Llama-2-13b-hf
Property | Value |
---|---|
Parameter Count | 13B |
Training Tokens | 2 trillion |
Context Length | 4k tokens |
License | Meta Custom Commercial License |
Training Period | January 2023 - July 2023 |
What is Llama-2-13b-hf?
Llama-2-13b-hf is part of Meta's advanced Llama 2 family of large language models, specifically optimized for the Hugging Face Transformers format. This 13B parameter model represents a sweet spot between computational efficiency and powerful language understanding capabilities. Trained on 2 trillion tokens of publicly available data, it offers impressive performance across various natural language tasks.
Implementation Details
The model utilizes an optimized transformer architecture, trained with a global batch size of 4M tokens and a learning rate of 3.0 x 10^-4. Unlike its larger 70B counterpart, this model doesn't implement Grouped-Query Attention (GQA), maintaining a simpler architecture while still delivering strong performance.

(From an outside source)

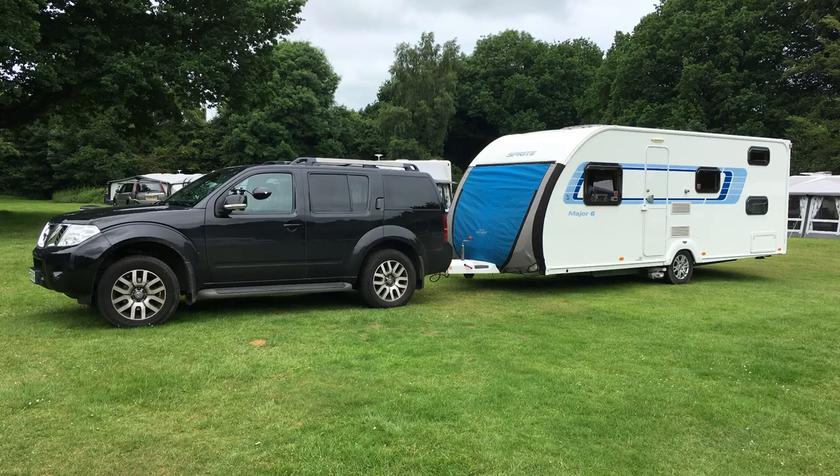We traded in our single axle for a twin axle. We had an entry-level single axle, liked it, got the bug and went for the all-singing all-dancing caravan we've got now. However, there was a bit of an issue when we first got it - we didn't consider the fact that it would be far more difficult to level a twin axle caravan than a single axle.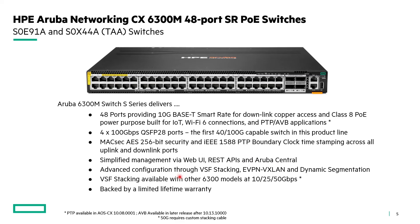VSF stacking is available to other 6300 models at 10, 25, and 50 gigabits per second. You need a QSFP28 to SFP28 adapter to downshift from 100 gigabits down to either 10 or 25 gigabits per second. A custom stacking cable coming in a later release will provide 50 gig stacking with prior generations. And all this is backed by a limited lifetime warranty.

- Pretraining data cutoff: September 2022
- Training infrastructure: Meta's Research Super Cluster
- Environmental impact: 62.44 tCO2eq (100% offset)
- Supports both F32 and FP16 tensor types
Core Capabilities
- Strong performance in commonsense reasoning (66.9% accuracy)
- Effective reading comprehension (65.8% accuracy)
- Enhanced world knowledge capabilities (55.4% accuracy)
- Improved truthfulness (41.86% on TruthfulQA)
- Mathematical reasoning capabilities (28.7% accuracy)
Frequently Asked Questions
Q: What makes this model unique?
The model stands out for its balanced approach between model size and performance, offering significant improvements over its predecessor while maintaining practical deployment requirements. It demonstrates particularly strong gains in code generation and mathematical reasoning compared to Llama 1.
Q: What are the recommended use cases?
The model is specifically designed for commercial and research use in English, supporting various natural language generation tasks. It's particularly well-suited for applications requiring strong reasoning capabilities and factual accuracy, though it should be used with appropriate safety testing and tuning for specific applications.